Exercise goal
Each line of data below must be printed exactly as written, with any pictures removed.

#### Material supplied

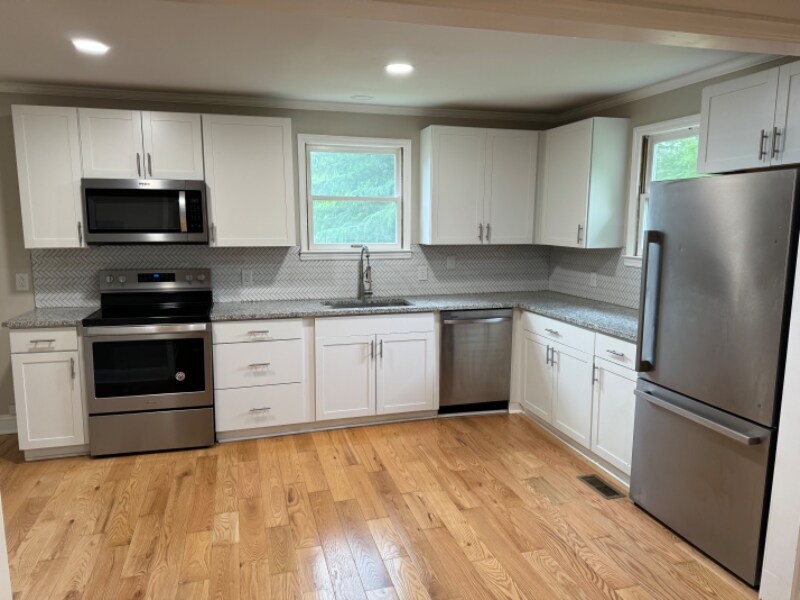 Building Photo - 413 Gibson Dr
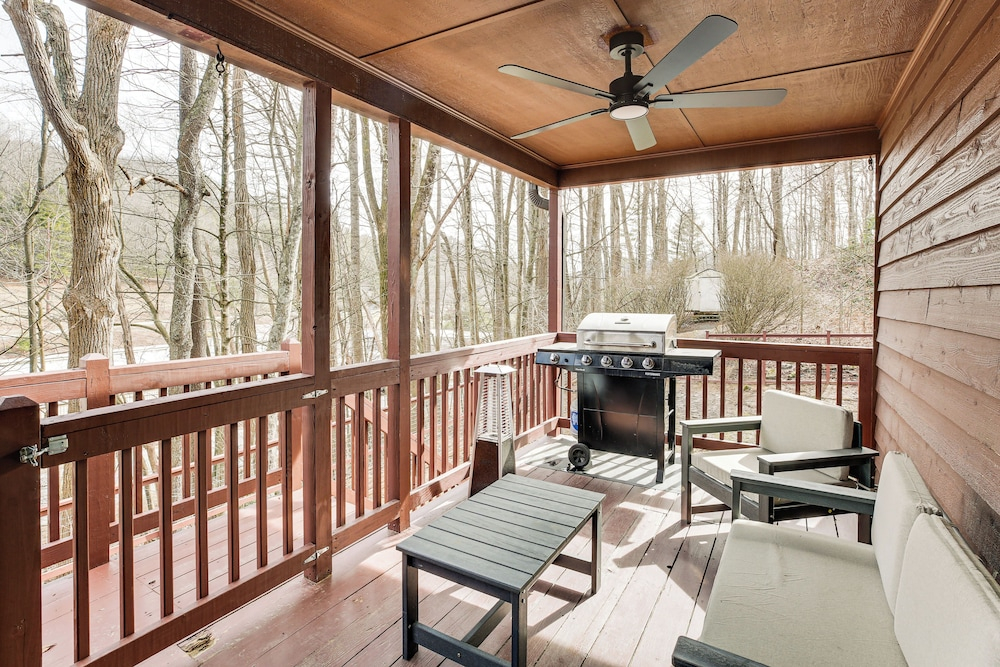 Raley's Retreat w/ Hot Tub: 2 Mi to Dtwn Boone!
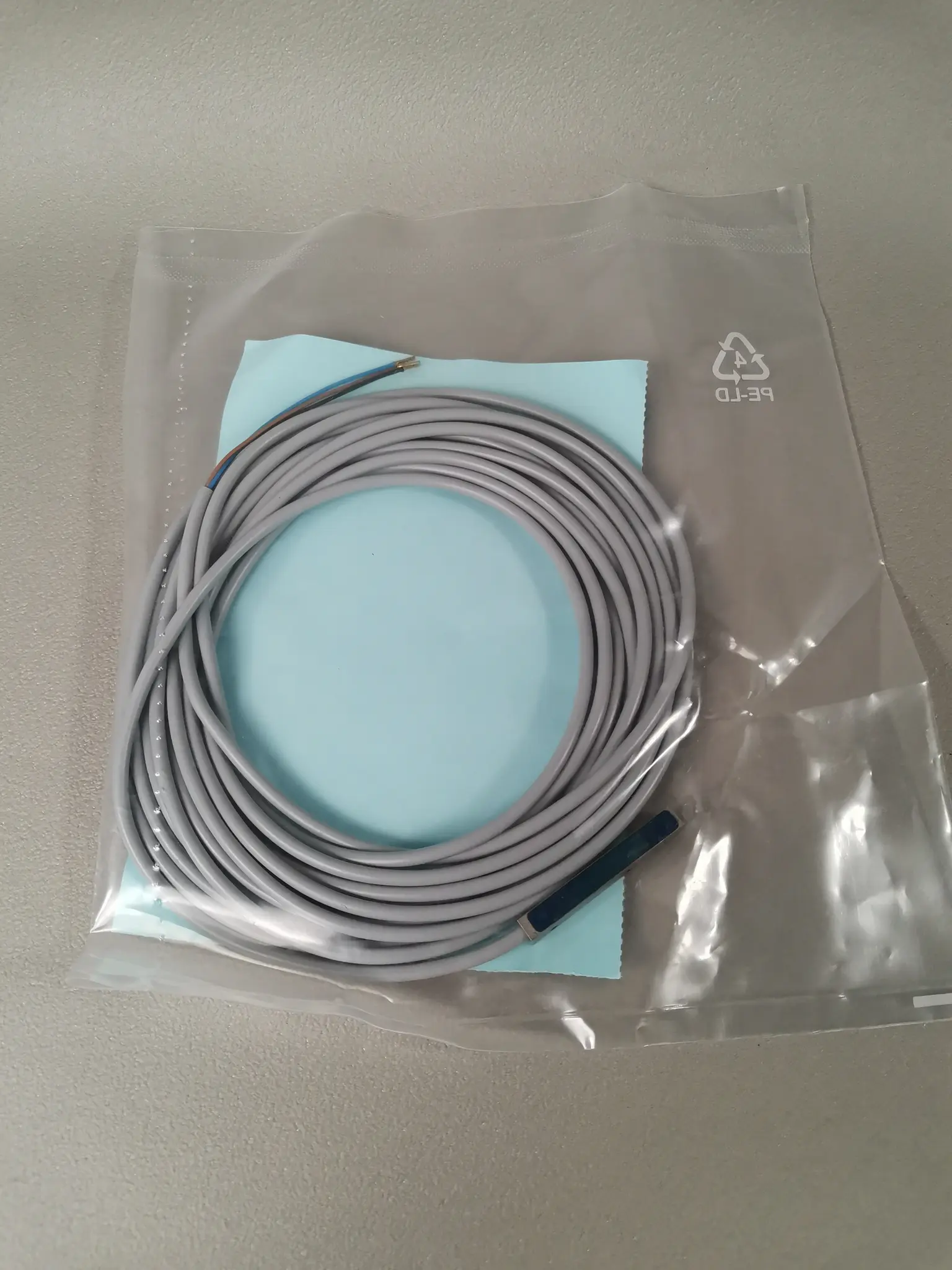 Produktfoto 1 von Contrinex LTK-0507-303-504 NEU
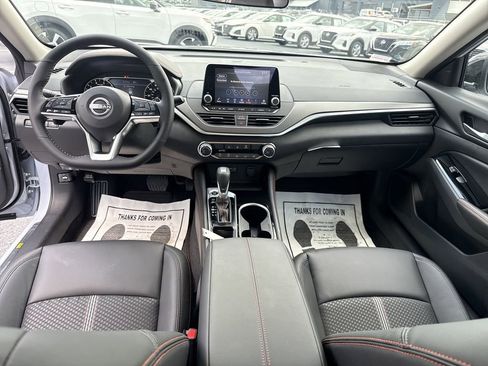 New 2025 Nissan Altima 2.5 SR image 14
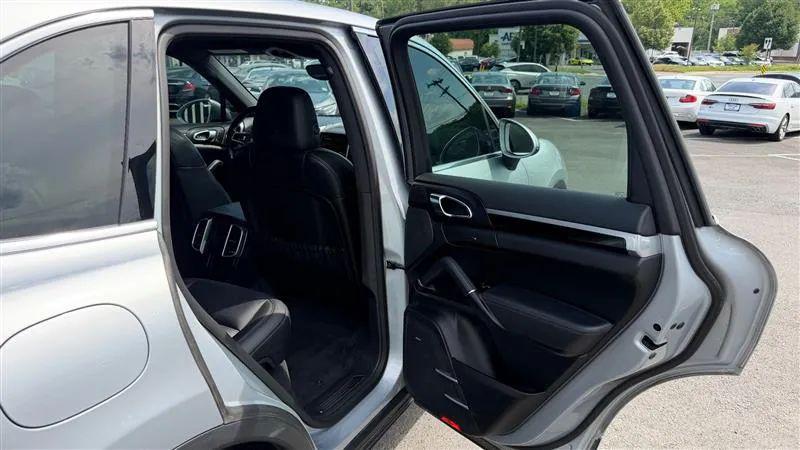 2016 Porsche Cayenne Base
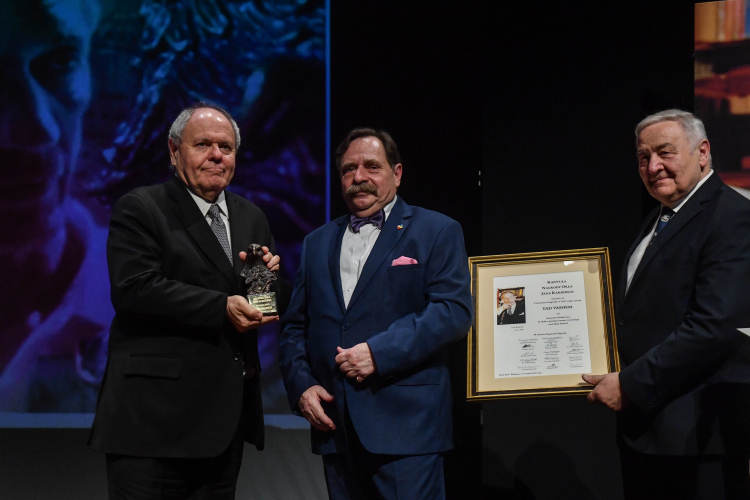 Przewodniczący Yad Vashem Dani Dayan (L), stryjeczny wnuk Jana Karskiego Jerzy Kozielewski (P) i przedstawiciel Towarzystwa Jana Karskiego Andrzej Ludek (C) podczas gali wręczenia Nagród Orła Jana Karskiego w Teatrze Polskim w Warszawie. Fot. PAP/Piotr Nowak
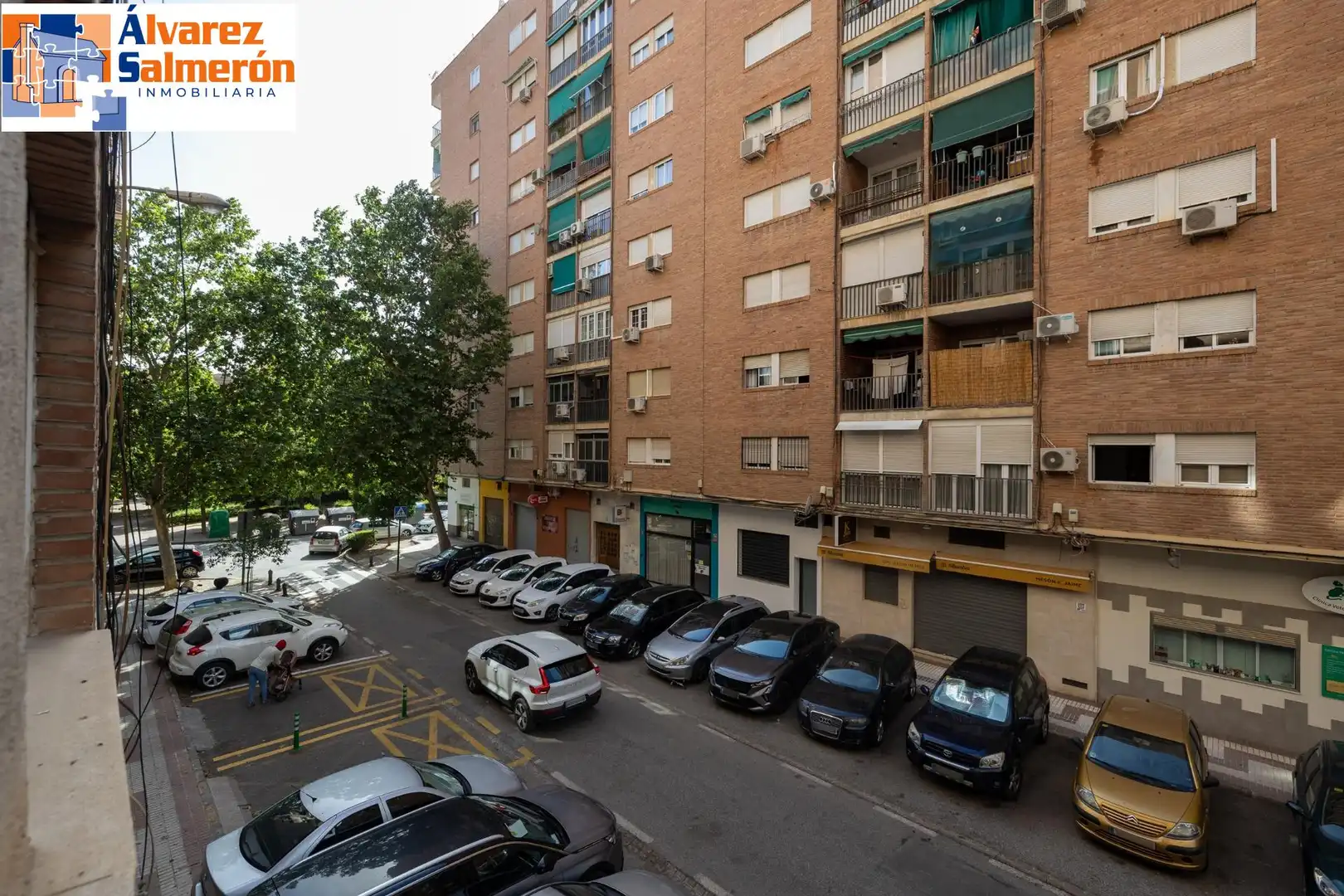 Exterior view of Flat for sale in Granada  with Terrace and Furnished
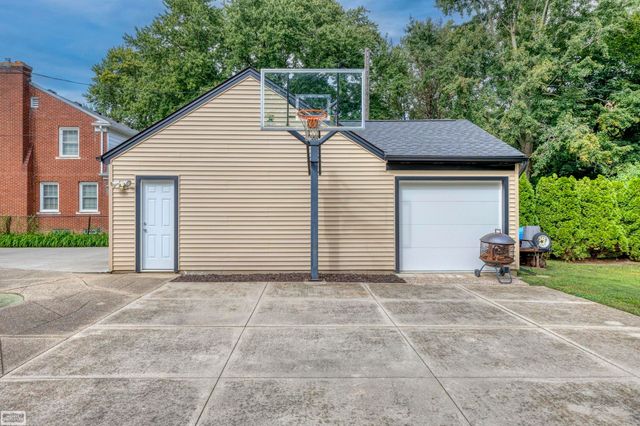 145 Lodewyck Avenue, Mount Clemens, MI 48043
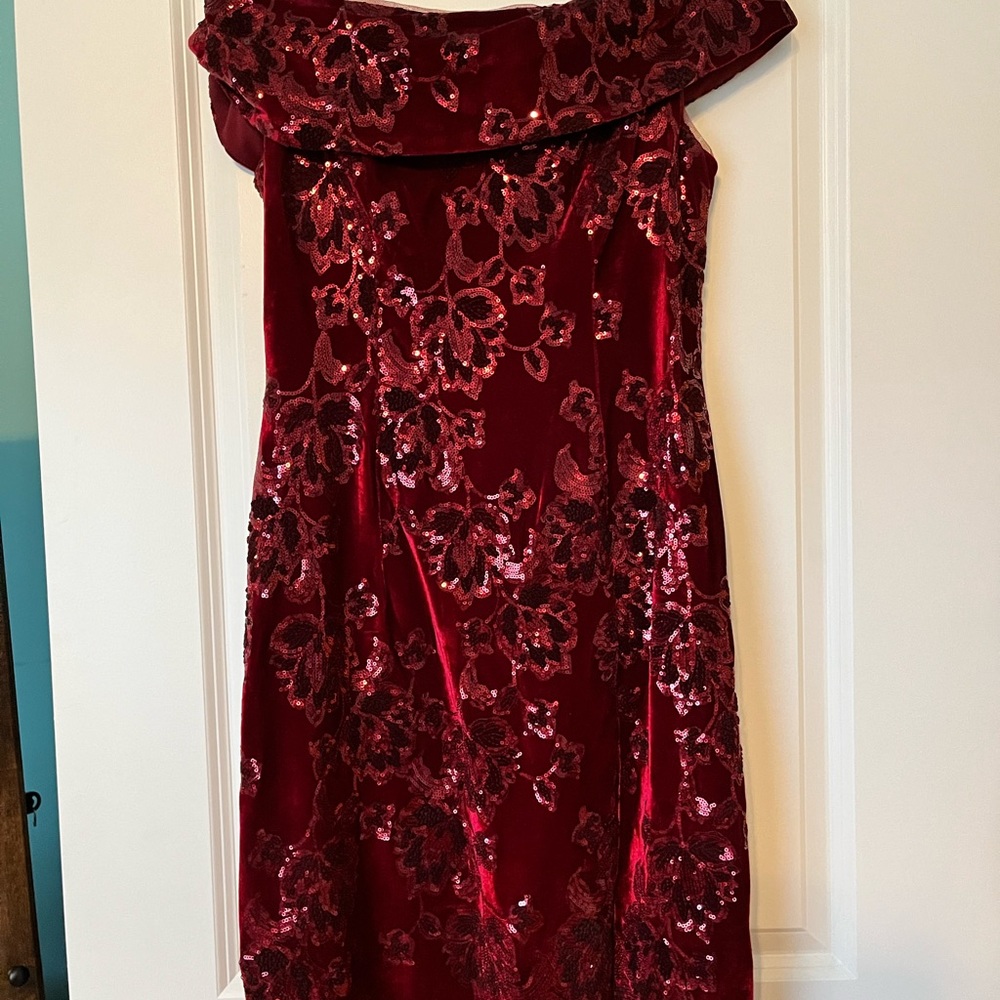 Off the shoulder Adrianna papell sheath dress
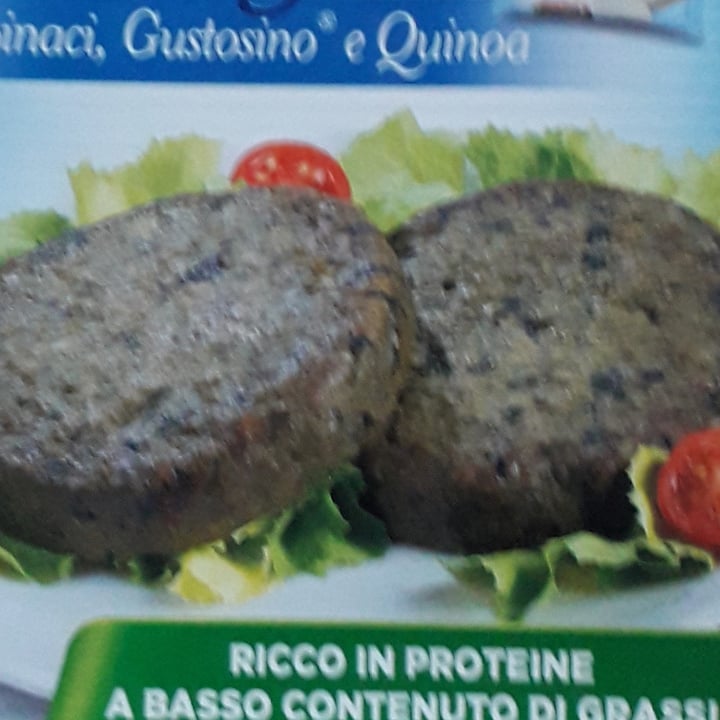 photo of Valsoia Burger spinaci, gustosino e quinoa shared by @ericaeroica on  07 Aug 2023 - review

########

Task solution
 Building Photo - 413 Gibson Dr
 Raley's Retreat w/ Hot Tub: 2 Mi to Dtwn Boone!
 Produktfoto 1 von Contrinex LTK-0507-303-504 NEU
 New 2025 Nissan Altima 2.5 SR image 14
 2016 Porsche Cayenne Base
 Przewodniczący Yad Vashem Dani Dayan (L), stryjeczny wnuk Jana Karskiego Jerzy Kozielewski (P) i przedstawiciel Towarzystwa Jana Karskiego Andrzej Ludek (C) podczas gali wręczenia Nagród Orła Jana Karskiego w Teatrze Polskim w Warszawie. Fot. PAP/Piotr Nowak
 Exterior view of Flat for sale in Granada  with Terrace and Furnished
 145 Lodewyck Avenue, Mount Clemens, MI 48043
 Off the shoulder Adrianna papell sheath dress
 photo of Valsoia Burger spinaci, gustosino e quinoa shared by @ericaeroica on  07 Aug 2023 - review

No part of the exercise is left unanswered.